The protocol in charge of doing the block exchange in IPFS is Bitswap. Bitswap leverages its direct connections to discover and retrieve the content from the peers storing it. Assuming all your nodes are all directly connected, Bitswap operates as follows for a leecher L, and your three seeders storing the content (S1, S2, S3):
- L broadcasts a WANT request for the root CID to all its connections to see who stores the content (S1, S2, S3).
- S1, S2, S3 answer with HAVE messages signalling they all store the content.
- L adds all seeders to what we call a session (i.e. nodes that potentially have the content). L chooses probabilistically one of the peers to request the transmission of the block. The probability of choosing a node depends on certain metrics related to previous interactions with the node (you can learn more about this here: https://github.com/ipfs/go-bitswap/blob/master/docs/how-bitswap-works.md).

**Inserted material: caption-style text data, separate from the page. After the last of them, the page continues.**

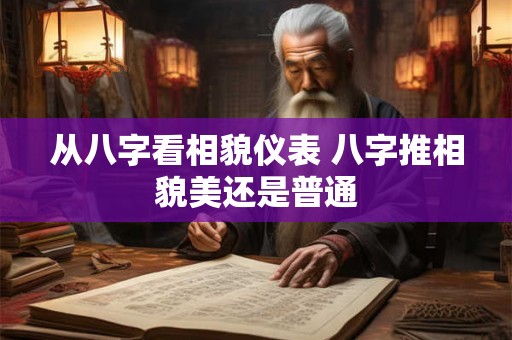 从八字看相貌仪表 八字推相貌美还是普通
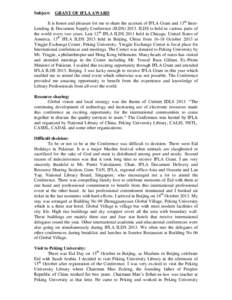 Subject: GRANT OF IFLA AWARD It is honor and pleasure for me to share the account of IFLA Grant and 13th InterLending & Document Supply Conference (ILDS[removed]ILDS is held in various parts of the world every two years. 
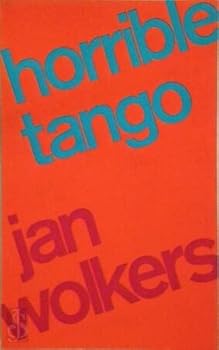 Hardcover HORRIBLE TANGO [Dutch] Book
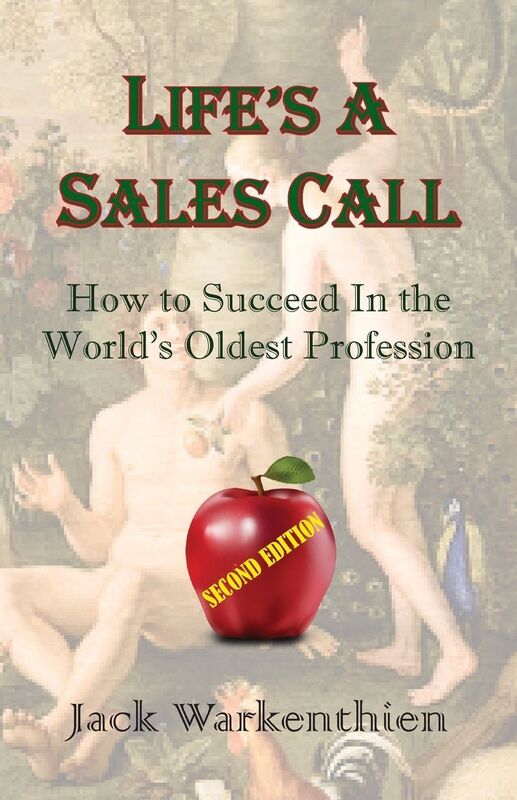 Life's A Sales Call: How to Succeed in the Worlds Oldest Profession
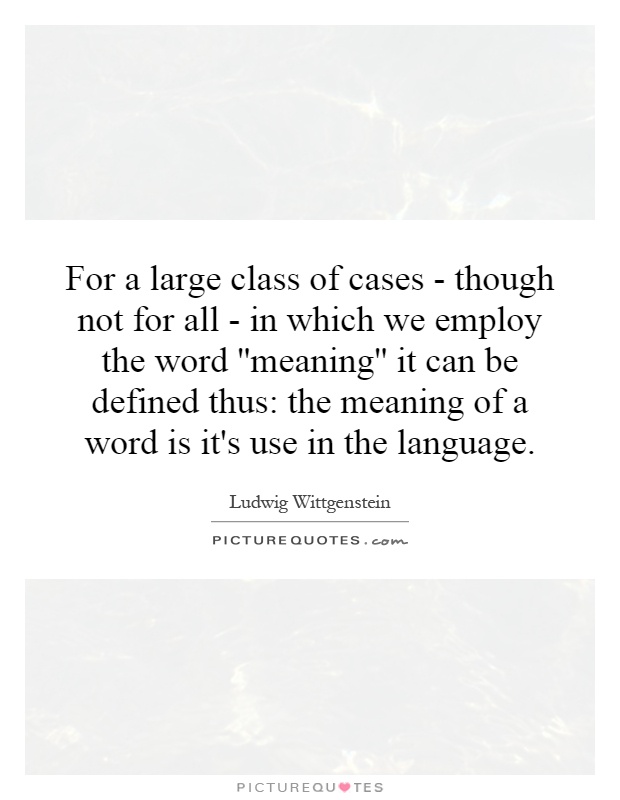 For a large class of cases - though not for all - in which we employ the word ''meaning'' it can be defined thus: the meaning of a word is it's use in the language Picture Quote #1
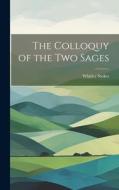 The Colloquy of the Two Sages di Whitley Stokes edito da LEGARE STREET PR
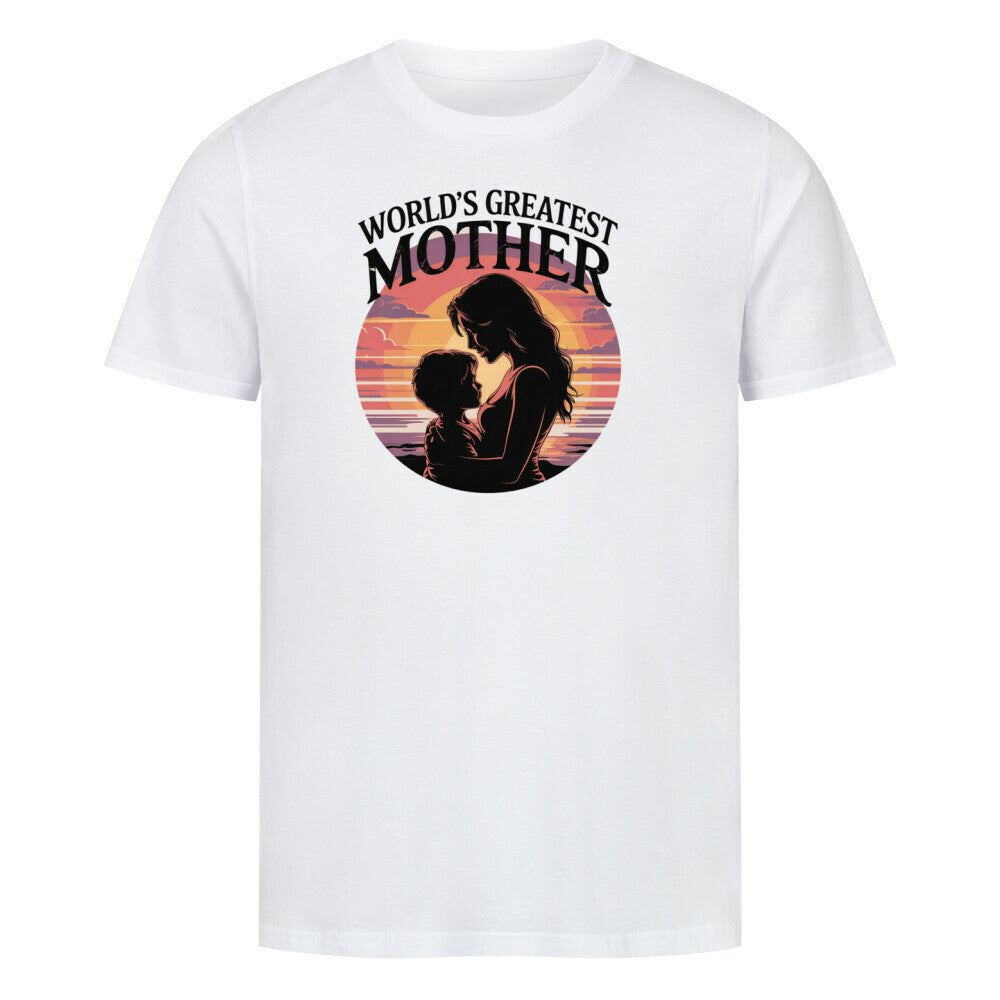 MUTTERTAG Premium Organic Shirt WORLDS GREATEST MOTHER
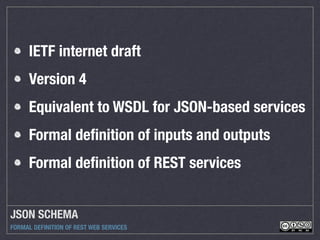 JSON SCHEMA
FORMAL DEFINITION OF REST WEB SERVICES
IETF internet draft
Version 4
Equivalent to WSDL for JSON-based services
Formal deﬁnition of inputs and outputs
Formal deﬁnition of REST services
 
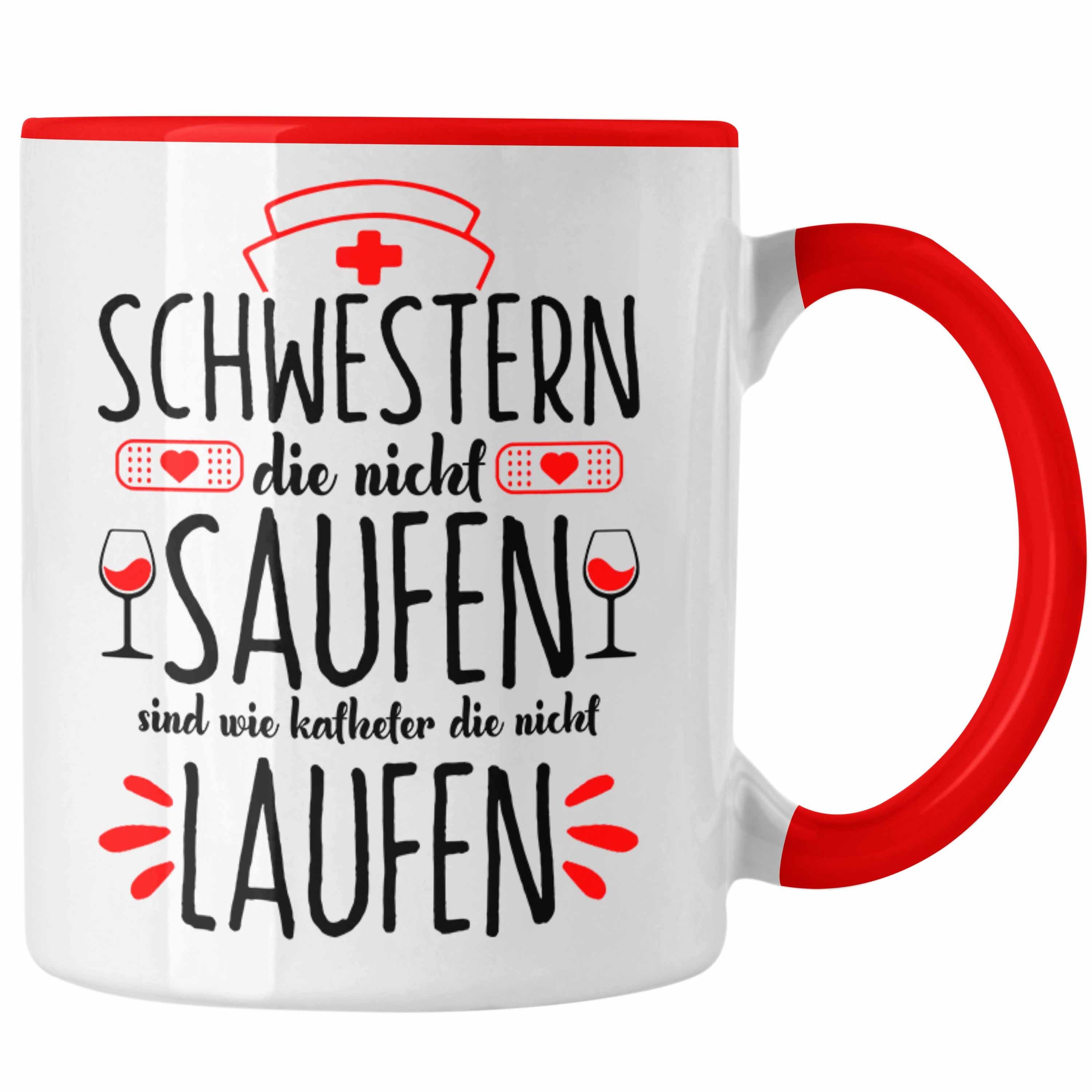 Trendation Tasse Lustige Tasse für Krankenschwestern Geschenkidee Schwestern Die Nicht Rot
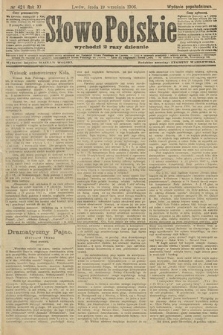 Słowo Polskie (wydanie popołudniowe). 1906, nr 424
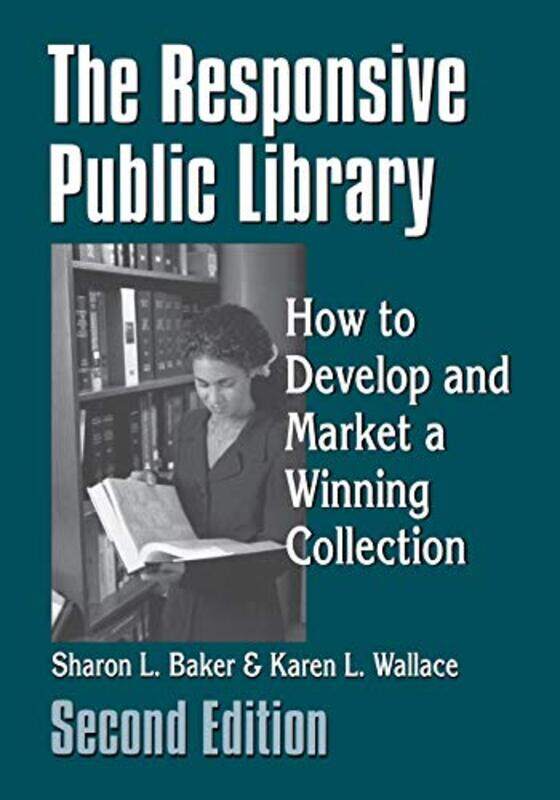 

The Responsive Public Library by Sharon L BakerKaren L Wallace-Paperback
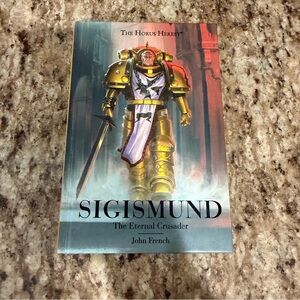 Warhammer The Horus Heresy Sigismund The Eternal Crusader by John French Book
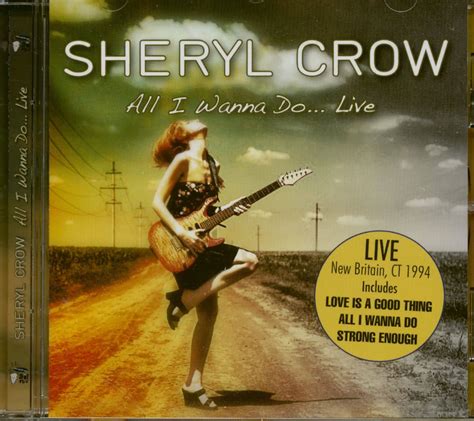 Sheryl Crow CD: I Wanna Do - Live (CD) - Bear Family Records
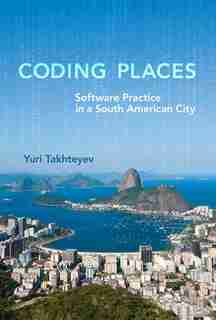 Coding Places: Software Practice In A South American City by Yuri Takhteyev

- From there on, L traverses the DAG requesting the next blocks to the peers in the session. This probabilistic selection of peers in the session is done for every block, so you need to be really lucky for the same peer to be selected in every block. In short, Bitswap is designed to leverage multiple streams of transmission.
In your case, can it be the case that your leecher is only connected to one of the seeder nodes so this is the only one being included in the Bitswap session? Even more, could it be the case that the peers are not directly connected and Bitswap needs to resort to the DHT to find a provider for the content? In this case, Bitswap only adds the provider found in the DHT lookup in its session and fetches all the content from the same peer.
There are also periodic broadcasting schemes to populate sessions with more peers, but this is done every minute, so if the transfer lasts less than minute you won’t see this behavior.
I hope this explanation of Bitswap has given you a clearer view of how file sharing works in IPFS. If you can give me a bit more of context on the network topology you are using we can try to identify what could be happening and why your node is not leveraging multiple streams.